On appeal in February 2010, the U.S. Court of Appeals for the Federal Circuit ("Federal Circuit") reversed the ALJ's findings for both invalidity and non-infringement claims, remanding the investigation to determine whether the '858 patent was infringed and appropriate remedies.7 The ALJ determined on remand that the patents were enforceable, and the Commission requested submissions on the issues of remedy, public interest and bonding.8 The Commission found that Effervescent had infringed claims 1 and 2 of the '858 utility patent and that Double Diamond had infringed claim 2 of the '858 utility patent.9 These conclusions went along with the Federal Circuit's earlier finding that Double Diamond, Effervescent, and Holey Soles infringed with respect to the '789 design patent.10

Concluding that there was an "unlawful importation and sale of certain foam footwear" that infringed on Crocs' named patents, the Commission determined the appropriate form of relief was:

(1) a general exclusion order prohibiting the unlicensed entry of foam footwear that infringe one or more of [the patent claims]; and (2) cease and desist orders prohibiting [respondents] from conducting any of the following activities in the United States: importing, selling, marketing, advertising, distributing, offering for sale, transferring (except for exportation), and soliciting U.S. agents or distributors for, foam footwear that infringe one or more of [the patent claims].11

Recognizing the expansiveness of a general exclusion order, the Commission explained that "a general exclusion from entry for consumption is necessary to prevent circumvention of an exclusion order limited to products of named persons and because there is a pattern of violation of section 337 and it is difficult to identify the source of infringing products."12 In doing so, the Commission likewise concluded that the public interest did not preclude the issuance of either the general exclusion order or the cease and desist orders for each respondent.

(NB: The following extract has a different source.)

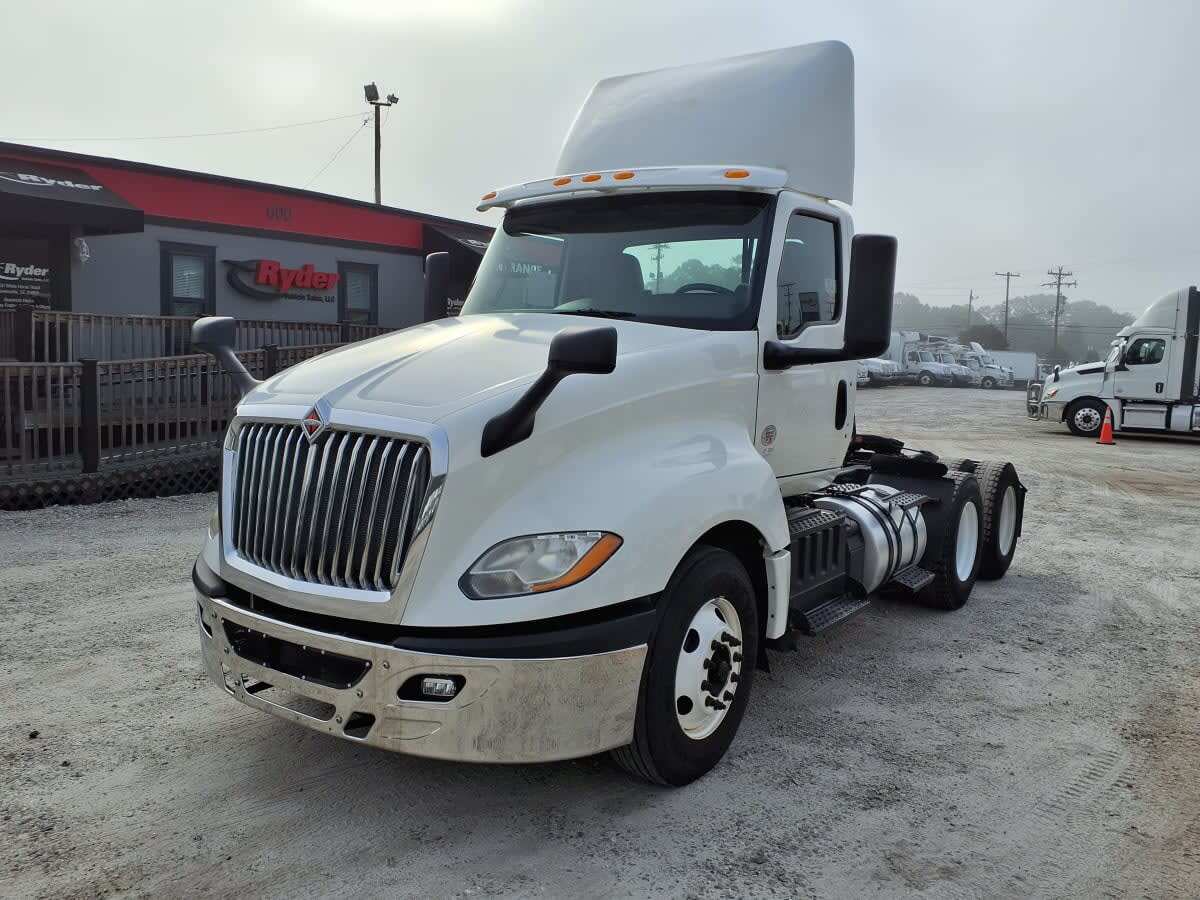 2018 INTERNATIONAL LT625 DAYCAB T/A in Greenville, SC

The general exclusion order "prohibiting the unlicensed importation of infringing foam footwear,"13 also allows U.S. Customs and Border Protection, at its discretion, to require those seeking to import foam footwear to certify that they are familiar with the terms of this order and that they "have made appropriate inquiry, and thereupon state that, to the best of their knowledge and belief, the products being imported are not excluded from entry."14

The order has been submitted for review by the President of the United States. If the order is not disapproved or if the President affirmatively approves the order during the 60 day review period, the order will become final. The respondents may continue to import accused articles during the review process by posting a bond specified by the Commission in the cease and desist orders. Once the order becomes final, however, the goods will be subject to exclusion.15

Footnotes

1 Certain Foam Footwear, Inv. No. 337- TA-567 (July 15, 2011) (Final).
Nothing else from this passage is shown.